== DATA EXCERPTS ==
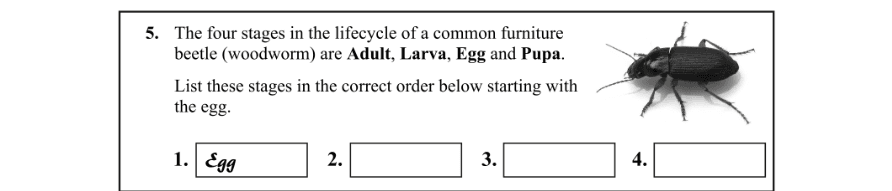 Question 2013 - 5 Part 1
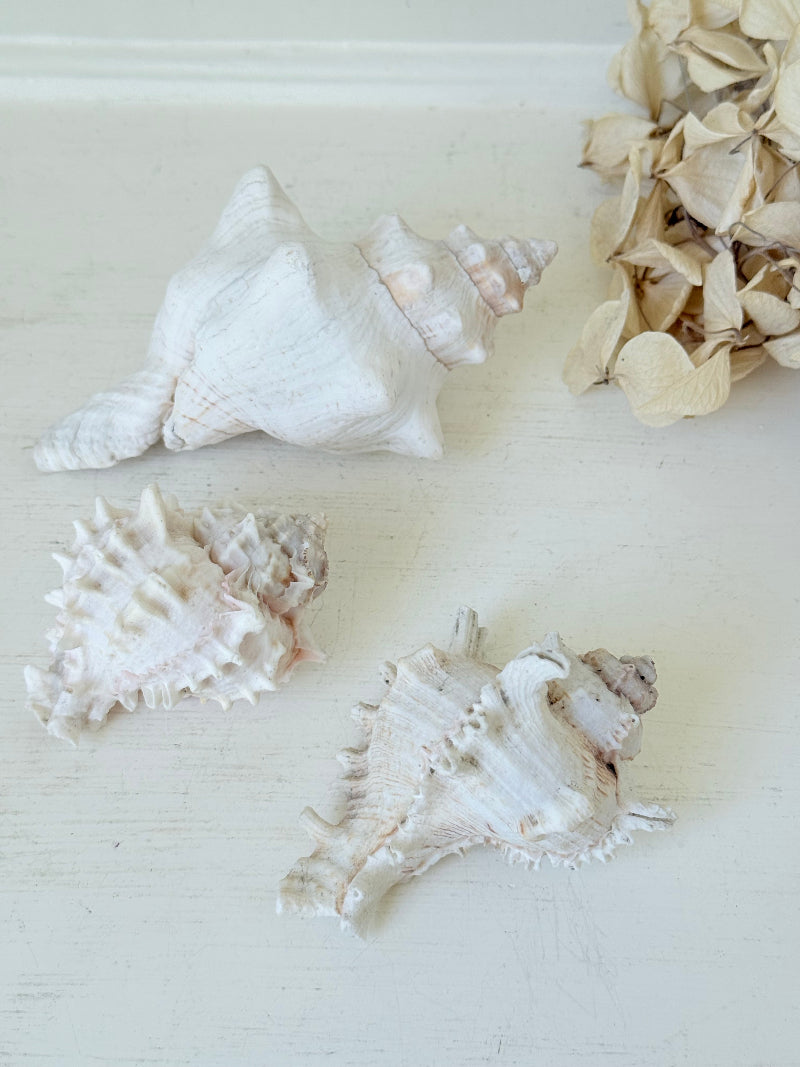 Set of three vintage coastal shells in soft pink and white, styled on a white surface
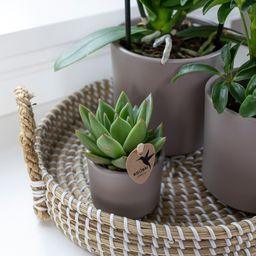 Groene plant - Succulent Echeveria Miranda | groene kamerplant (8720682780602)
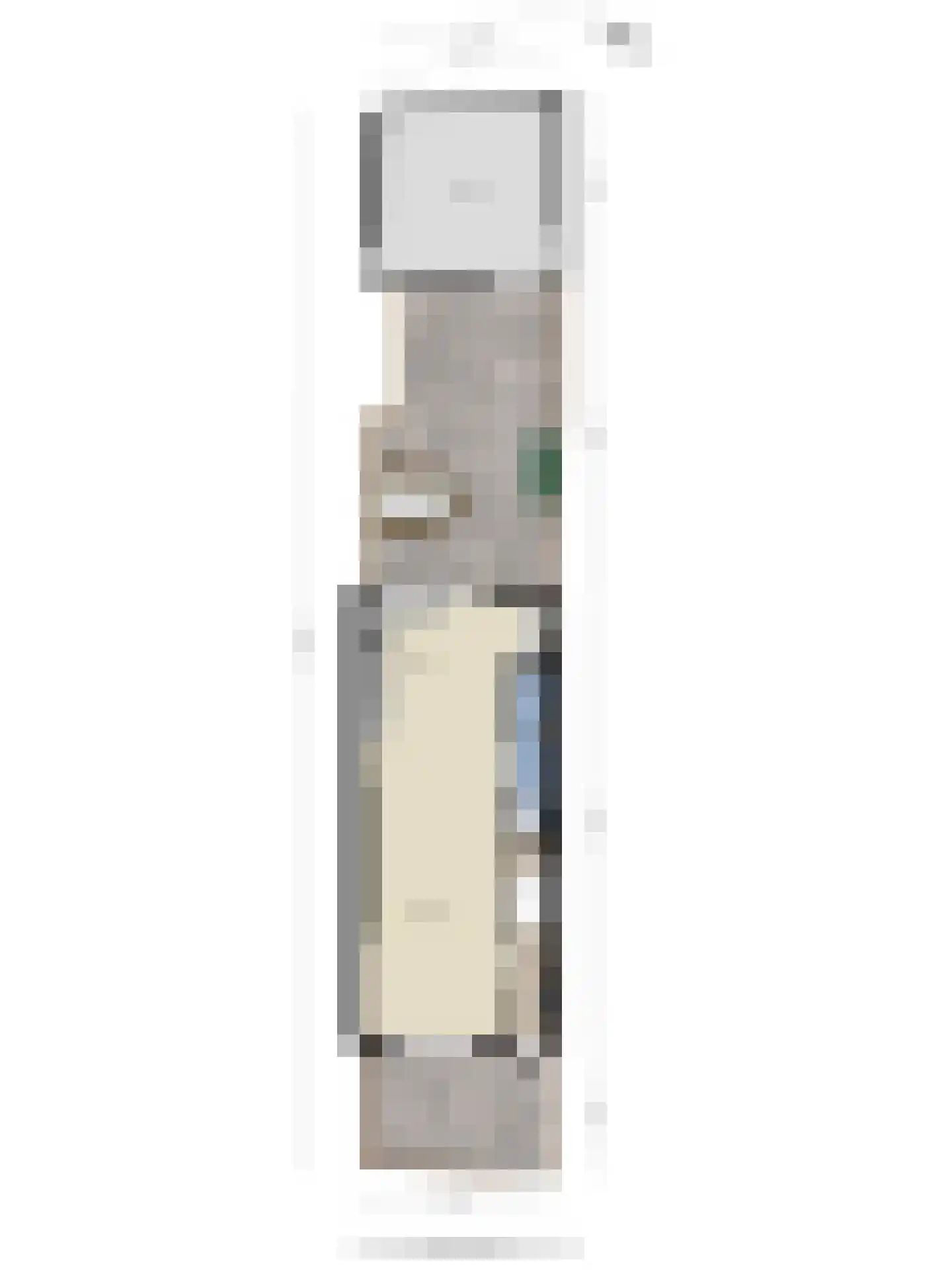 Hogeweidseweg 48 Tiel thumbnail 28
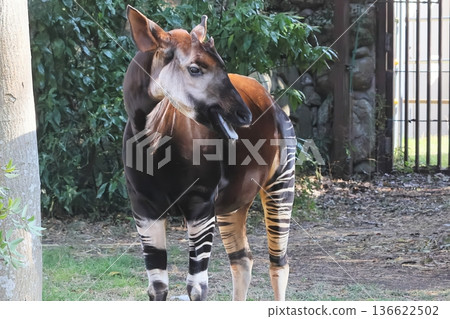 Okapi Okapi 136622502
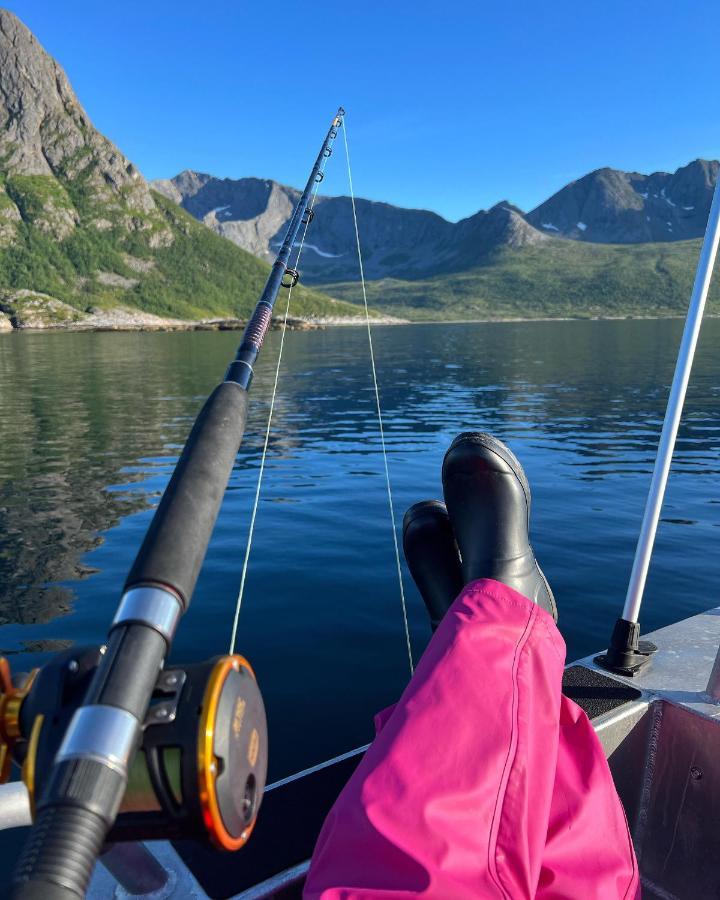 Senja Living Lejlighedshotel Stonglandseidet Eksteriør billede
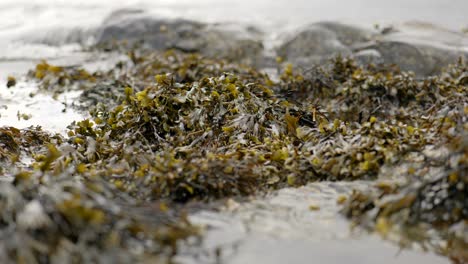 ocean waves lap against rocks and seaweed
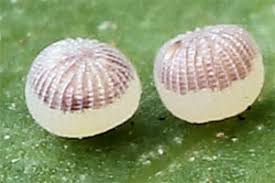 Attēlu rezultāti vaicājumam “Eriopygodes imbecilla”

== EXERCISE OBJECTIVE ==
All of the listing above must be output exactly, except for its pictures.

== REPLY ==
 Question 2013 - 5 Part 1
 Set of three vintage coastal shells in soft pink and white, styled on a white surface
 Groene plant - Succulent Echeveria Miranda | groene kamerplant (8720682780602)
 Hogeweidseweg 48 Tiel thumbnail 28
 Okapi Okapi 136622502
 Senja Living Lejlighedshotel Stonglandseidet Eksteriør billede
 ocean waves lap against rocks and seaweed
 Attēlu rezultāti vaicājumam “Eriopygodes imbecilla”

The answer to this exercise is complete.